Most gun prohibitionists who look to the Bible for support do not cite specific interdictions of weapons (there are none) but instead point to the general passages about peace and love, such as "Do not resist an evil person. If someone strikes you on the right cheek, turn to him the other also" (Matthew 5: 38-39); "Love your enemies and pray for those who persecute you" (Matthew 5: 43); and "Do not repay anyone evil for evil." (Romans 12: 17).
None of these exhortations take place in the context of an imminent threat to life. A slap on the cheek is a blow to pride, but not a threat to life. Reverend Anthony Winfield, author of a study of Biblical attitudes towards weapons, suggests that these verses command the faithful not to seek revenge for evil acts, and not to bear grudges against persons who have done them wrong. He points to the passage "If it is possible, as far as it depends on you, live in peace with everyone" (Romans 12: 18), as showing an awareness that in extreme situations, it might not be possible to live in peace. [128]
Further evidence that the New Testament does not command universal pacifism is found in the missions of John the Baptist and Peter, both of whom preached to soldiers who converted. Neither John nor Peter demanded that the soldiers lay down their arms, or find another job. (Luke 3: 14; Acts 10: 22-48).
John did tell the soldiers "Don't extort money, and don't accuse people falsely," just as he told tax collectors "Don't collect any more than you are required to." The plain implication is that being a soldier (or a tax collector) is not itself wrong, so long as the inherent power is not used for selfish purposes.
Of course most gun prohibitionists do not see anything wrong with soldiers carrying weapons and killing people if necessary. But if--as the New Testament strongly implies--it is possible to be a good soldier and a good Christian, then it is impossible to claim that the Gospel always forbids the use of violence, no matter what the purpose. The stories of the soldiers support Winfield's thesis that the general Speace and love" passage are not blanket prohibitions on the use of force in all circumstances.
Is an approving attitude towards the bearing of arms confined to professional soldiers? Not at all. At the last supper, Jesus' final instructions to the apostles begin: "When I sent you without purse, bag, or sandals, did you lack anything?"
"Nothing," the apostles answer.
Jesus continues: "But now, if you have a purse, take it, and also a bag; and if you don't have a sword, sell your cloak and buy one." He ends by observing "what is written about me is reaching its fulfillment."
The apostles then announce, "Lord, behold, here are two swords," and Jesus cuts them off: "That is enough." (Luke 22: 36-38).
Even if the passage is read with absolute literalness, Jesus was not setting up a rule that every apostle must carry a sword (or a purse or a bag). For the eleven, two swords were "enough."
More importantly, Jesus may not have been issuing an actual command that anybody carry swords, or purses, or bags.
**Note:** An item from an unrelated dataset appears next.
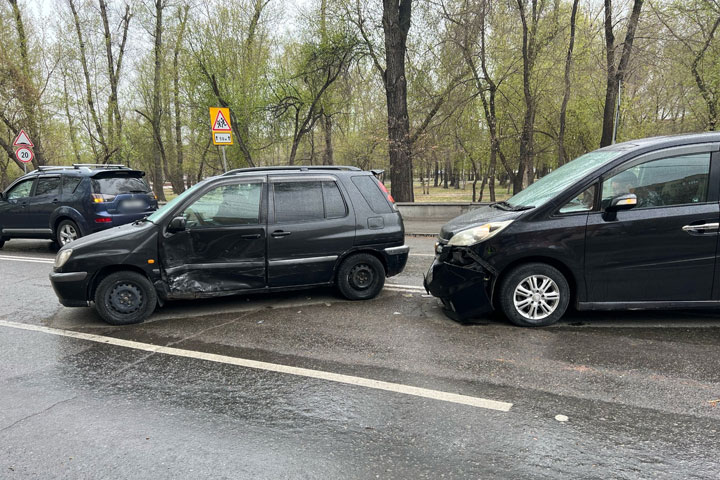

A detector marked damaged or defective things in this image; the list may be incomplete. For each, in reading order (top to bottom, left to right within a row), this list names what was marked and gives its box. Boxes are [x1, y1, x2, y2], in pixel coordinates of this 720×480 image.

crumpled front bumper [424, 255, 492, 318] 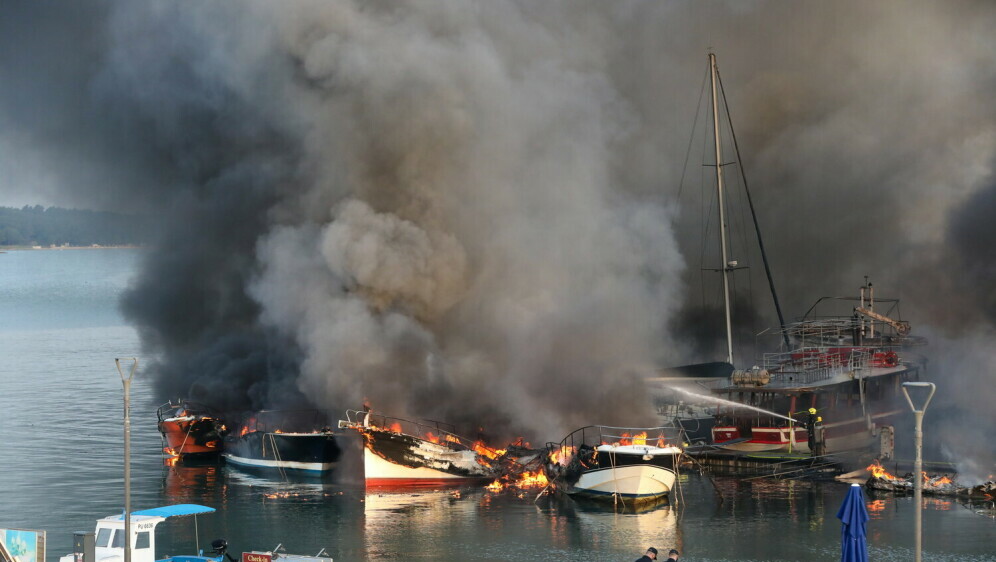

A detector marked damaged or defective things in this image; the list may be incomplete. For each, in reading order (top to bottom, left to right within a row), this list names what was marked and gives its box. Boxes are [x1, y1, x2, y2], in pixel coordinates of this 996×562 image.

The broader, metaphorical point being made by Jesus was that the apostles would, after Jesus was gone, have to take care of their own worldly needs to some degree. The purse (generally used for money), the bag (generally used for clothing and food), and the sword (generally used for protection against the robbers who preyed on travelers, including missionaries, in the open country between towns) are all examples of tools used to take care of such needs. When the apostles took Jesus literally, and started showing him their swords, Jesus, frustrated that they missed the metaphor, ended the discussion. The metaphorical interpretation is supported by scholarly analysis, and seems to best account for the entire conversation.
Even when reduced to metaphor, however, the passage still contradicts the rigid pacifist viewpoint. In the metaphor, the sword, like the purse or the bag, is treated as an ordinary item for any person to carry. If weapons and defensive violence were illegitimate under all circumstances, Jesus would not have instructed the apostles to carry swords, even in metaphor, any more than Jesus would have created metaphors suggesting that people carry demonic statues for protection, or that they metaphorically rape, rob, and murder.
A few hours after the final instructions to the apostles, when soldiers arrived to arrest Jesus, and Peter sliced off the ear of one of their leaders, Jesus healed the ear. He then said "No more of this" (Luke 22: 49-51) or "Put your sword away" (John 18: 10) or "Put your sword back in its place, for all who draw the sword will die by the sword" (Matthew 26: 52). (The quotation is sometimes rendered as "He who lives by the sword will die by the sword.") [129]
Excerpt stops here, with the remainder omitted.